At a social conservatives’ conference this week, Iowa’s Secretary of State argued that Republicans need to pass voter ID in order to advance their top policy goals, including banning abortion and same-sex marriage.
Matt Schultz (R), elected in the Tea Party wave of 2010, spoke at length about his support for implementing voter ID in a speech before the Iowa Faith and Freedom Coalition on Monday. In the process he accused the other side of cheating in order to win elections, but provided no evidence to back up this claim:
SCHULTZ: There are a whole lot of issues that we care about, abortion, gay marriage, a whole lot of social issues that we care deeply about. But you have to start caring about voter ID and election integrity as well, because if you don’t have that, you’ll never be able to make a difference in any other issue you care about. Never. Because they will cheat! They’ll cheat. And we need to make sure we stop them. So what do I need you to do? I need you start telling your friends and neighbors that you love voter ID. You love voter ID.
There’s a reason why Schultz couldn’t provide any evidence that people are using voter fraud at the polls to rig elections: None exists.
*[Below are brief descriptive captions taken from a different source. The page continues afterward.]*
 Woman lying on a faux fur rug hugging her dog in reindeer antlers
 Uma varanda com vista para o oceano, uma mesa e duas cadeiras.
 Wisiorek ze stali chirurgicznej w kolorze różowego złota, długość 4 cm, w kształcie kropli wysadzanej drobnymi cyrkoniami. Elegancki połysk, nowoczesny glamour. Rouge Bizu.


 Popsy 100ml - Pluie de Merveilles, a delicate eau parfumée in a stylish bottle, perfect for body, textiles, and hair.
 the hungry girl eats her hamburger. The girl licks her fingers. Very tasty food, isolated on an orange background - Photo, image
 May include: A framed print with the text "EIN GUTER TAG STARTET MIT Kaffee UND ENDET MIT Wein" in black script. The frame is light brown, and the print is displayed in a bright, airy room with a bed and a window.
In-person voter fraud is extraordinarily rare; a study in nearby Wisconsin found a fraud rate of 0.0002 percent, far less common than even being struck by lightning. Still, a dearth of actual voter fraud hasn’t stopped conservatives from using it as a phantom menace to gin up support for voter ID.
Schultz isn’t the only Republican official pushing voter ID as a means for enacting the Party’s policy goals. Indeed, because approximately 1 in 10 Americans — particularly young voters and minorities, groups who tend to vote Democratic — lack photo ID, a strict voter ID requirement would help Republicans win more elections. Last year, Pennsylvania House Majority Leader Mike Turzai famously declared that voter ID would help Mitt Romney win the state of Pennsylvania. Wisconsin State Sen. Glenn Grothman similarly argued that voter ID would help put Romney over the edge “in a close race.”